Page 1 of 1

"Unable to lock RT_CONFIG2660 file"

Posted: Mon Dec 05, 2005 6:33 am
by rsaliah
Hi Gents,

I have a multi-instance batch that's called 9 times which in turn runs a bunch of multi-instance jobs. All is working as expected/required, but occasionally I get an aborted batch instance complaining of a "(fatal error from DSRunJob): Job control fatal error (-14)
(DSRunJob) Job JobName.Inst1 appears not to have started after 60 secs".

Since it happens randomly and on different jobs I've assumed that it down to the server being over-utilised at that particular time. I haven't checked to confirm the assumption, that's my next step, but what I've also noticed is that in some cases the job that fails to start has a log info entry of "Unable to lock RT_CONFIG2660 file". What seems odd to me is that the log has no other entry and doesn't show that any attempts been made to start it yet the timing of the info corresponds to the 60 second timeout thing.

What I was hoping is if someone can tell me whether this problem could be down to system/kernel parameters before I try monitoring server activity.

Thanks,
Regu.

Re: "Unable to lock RT_CONFIG2660 file"

Posted: Mon Dec 05, 2005 8:22 am
by chulett
rsaliah wrote:Since it happens randomly and on different jobs I've assumed that it down to the server being over-utilised at that particular time.
Yes, that's exactly what that means. Especially when you say you have a multi-instance batch that kicks of "a bunch" of multi-instance jobs.

You could take the time to verify your kernel parameters are ok per the Installation Guide, that's always a good thing. More than likely, this will need to be solved by adjusting values in the uvconfig file. Search the forum for things like T30FILES to get an idea of what could be the issue.

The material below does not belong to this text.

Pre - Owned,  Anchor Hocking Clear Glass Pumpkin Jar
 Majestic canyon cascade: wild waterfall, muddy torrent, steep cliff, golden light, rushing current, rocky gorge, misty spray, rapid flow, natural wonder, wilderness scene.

Re: "Unable to lock RT_CONFIG2660 file"

Posted: Mon Dec 05, 2005 8:55 am
by rsaliah
OK - I've checked the server as the jobs were running and at the time the error occurred there was approx 45% idle.

On the project in question there were 10 jobs already running at the time. These 10 and the one that failed are very simple in the design and have no hash file stages or routine calls. They source from UniData and target seq file and OCI.

The uvconfig file parameters appear to be more then sufficient for the processing.

Code: Select all

MFILES 450
T30FILE 450
ulimit -a for the user running shows:

Code: Select all

time(seconds)        unlimited
file(blocks)         unlimited
data(kbytes)         unlimited
stack(kbytes)        8192
coredump(blocks)     unlimited
nofiles(descriptors) 1024
vmemory(kbytes)      unlimited
To me it looks like the error shouldn't be happening so I'm running out of ideas.

I think the key to the answer might be the info message from my earlier post
Unable to lock RT_CONFIG2660 file
but apart from dodgy settings in the uvconfig I'm not sure how else this could occur.

Any suggestion would be appreciated.

Regu.

Posted: Mon Dec 05, 2005 1:28 pm
by ray.wurlod
The problem's with locks, not with sizes of anything.

Check whether RT_CONFIG2660 is already locked using list_readu command.

Restart DataStage when there is nothing happening. This will guarantee that all (memory-based) locks are cleared. Then try the job again, and let us know the outcome.

Posted: Tue Dec 06, 2005 4:21 am
by rsaliah
Thanks Ray,

I couldn't get the command to work but I did check for locks using DS.TOOLS and couldn't see anything before I ran the process.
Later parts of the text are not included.